Driving the historic Pamir Highway to Taldyk Pass

Pereval Taldyk is a high mountain pass at an elevation of 3,615m (11,860ft) above sea level, located in the Osh Region of Kyrgyzstan.

Taldyk Pass

When was the road through Taldyk Pass built?

The Taldyk Pass, initially established as a cart road in 1876, was used as a communication route to the Alay Valley for a military detachment led by Russian general Abramov. By 1883, Captain Putyata reported the road's inaccessibility due to rockfalls. It was later reconstructed in 1893 by Colonel Grombchevsky. A commemorative sign from the early 1900s acknowledged its distance from Gulcha. A paved road connecting Osh to Khorugh was built through the pass between 1930 and 1932, with a monument currently honoring its construction manager, Yuri M.Grushko. In 2008, the Export–Import Bank of China funded the rehabilitation of a segment of the road, which was completed in 2013.

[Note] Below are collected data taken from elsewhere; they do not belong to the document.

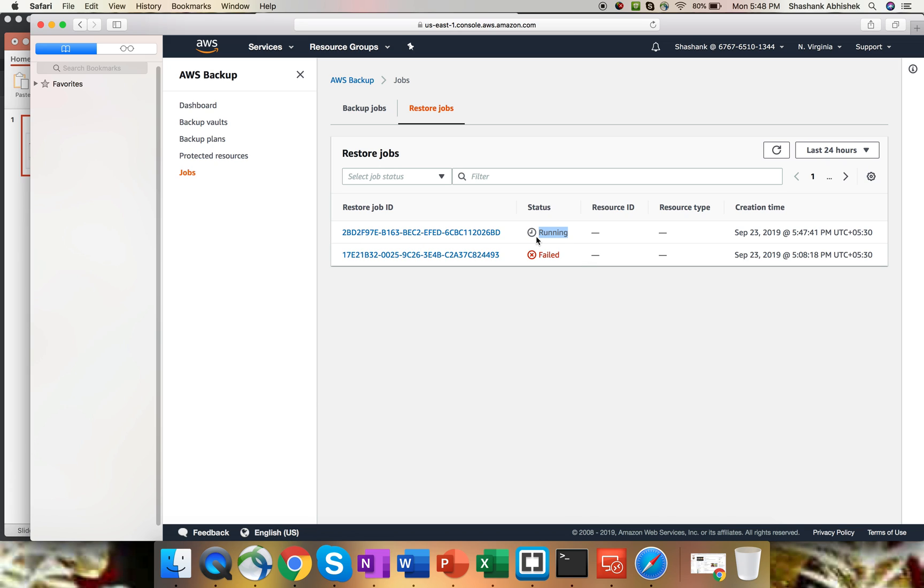Just try it on your account. Give it a try. Create an EBS volume, create a backup, and try to do a restore with an on-demand backup. That's it. Just try it out. If you have any concern, let me know. Just place a comment in the comment section and I'll be there to help you. Thank you.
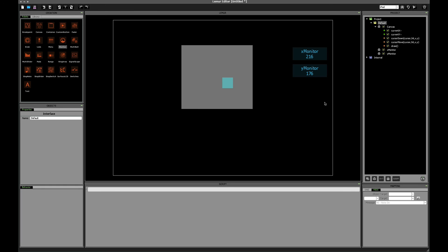So I think for the very first video on the canvas object, this is probably a good place to stop. I think we've covered a lot. We've definitely covered enough to get you started. Play around with this. Check out the lemur addendum manual, which you can find on their homepage. It's got all the details of this object. Hopefully this has been a good, helpful start. And thanks for watching.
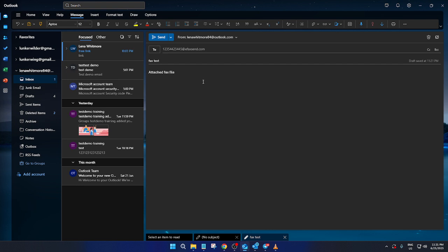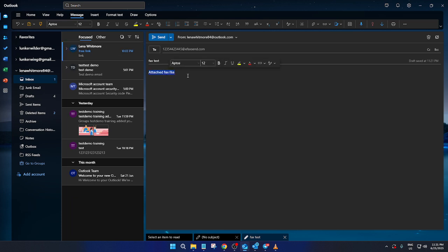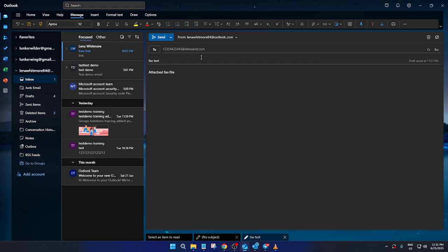Now, on to the most important part: attaching your document. This involves simply using the attach file function, much like you would with any other email. Make sure your document is ready to go in the right format. Double-check for any errors or additional pages you might not need. After all, clarity is key, especially when communicating via fax. Once your document is attached and everything looks good, all you need to do is hit that send button. Your document will be on its way, seamlessly transforming your email into an old-school fax without ever needing to touch a physical fax machine.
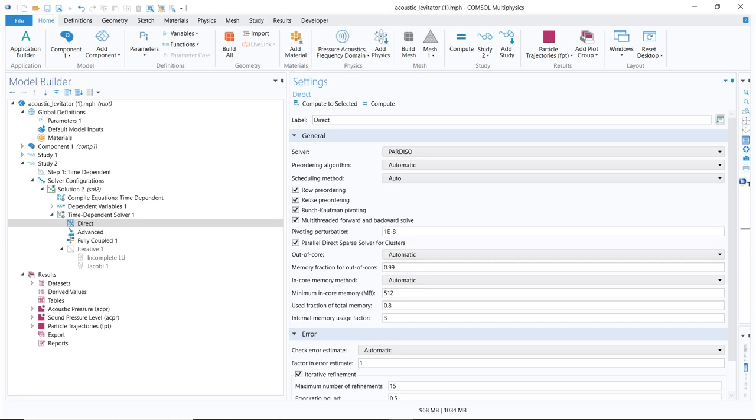This is how the solution of set of algebraic equations go. The set of algebraic equations we basically get from the discretization of partial differential equations, and those partial differential equations come from the physics we take for the particular problem. Now we converge our discussion to a particular solver which is Pardiso solver.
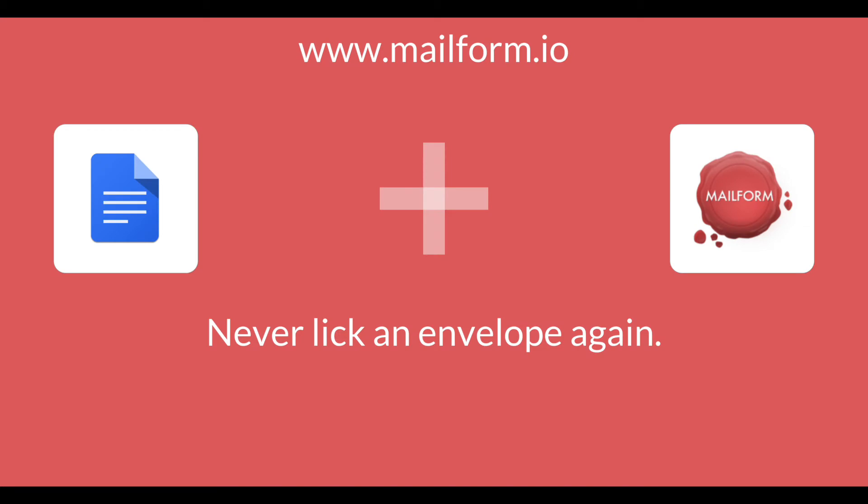You can head over to www.mailform.io and log in with your Gmail address to see the documents in your order history. In the past, you had to print your documents, buy stamps, and stuff envelopes. Now, Mailform does it all for you. Try it out at www.mailform.io.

Is the road to Taldyk Pass paved?

Located in the eastern part of the country, the road to the summit, also known as Taldok Pass, is the iconic M41 highway (Pamir Highway). It is paved. The pass is 24.9km (15.47 miles) long and runs north-south from Ak-Bosogo to Sary-Tash.

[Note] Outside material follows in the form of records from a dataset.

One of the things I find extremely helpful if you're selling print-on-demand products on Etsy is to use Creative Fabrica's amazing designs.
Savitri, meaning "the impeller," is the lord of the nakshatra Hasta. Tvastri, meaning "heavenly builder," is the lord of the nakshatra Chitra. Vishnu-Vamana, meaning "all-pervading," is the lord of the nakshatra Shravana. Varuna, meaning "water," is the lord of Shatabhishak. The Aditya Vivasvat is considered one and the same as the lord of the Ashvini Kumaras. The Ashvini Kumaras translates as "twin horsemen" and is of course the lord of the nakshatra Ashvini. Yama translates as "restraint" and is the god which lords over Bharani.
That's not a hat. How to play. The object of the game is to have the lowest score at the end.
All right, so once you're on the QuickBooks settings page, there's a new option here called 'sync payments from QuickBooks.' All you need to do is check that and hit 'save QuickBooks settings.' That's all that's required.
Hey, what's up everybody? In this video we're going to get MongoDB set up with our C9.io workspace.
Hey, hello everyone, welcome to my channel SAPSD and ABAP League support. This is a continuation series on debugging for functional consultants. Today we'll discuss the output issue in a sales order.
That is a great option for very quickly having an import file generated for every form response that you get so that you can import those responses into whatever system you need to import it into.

How challenging is Taldyk Pass?

The pass is pretty challenging, with steep sections and 14 hairpin turns. The last kilometers are very tough, reaching a gradient of almost 8%. It is one of the country's most dangerous mountain passes in winter. Every year, several trucks have accidents, falling several hundred meters down the cliff. In spring, you can still see some of them there.

Is Taldyk Pass open?

Set high in the Alai Mountain Range, the pass is unusual because it remains open year-round despite its high altitude.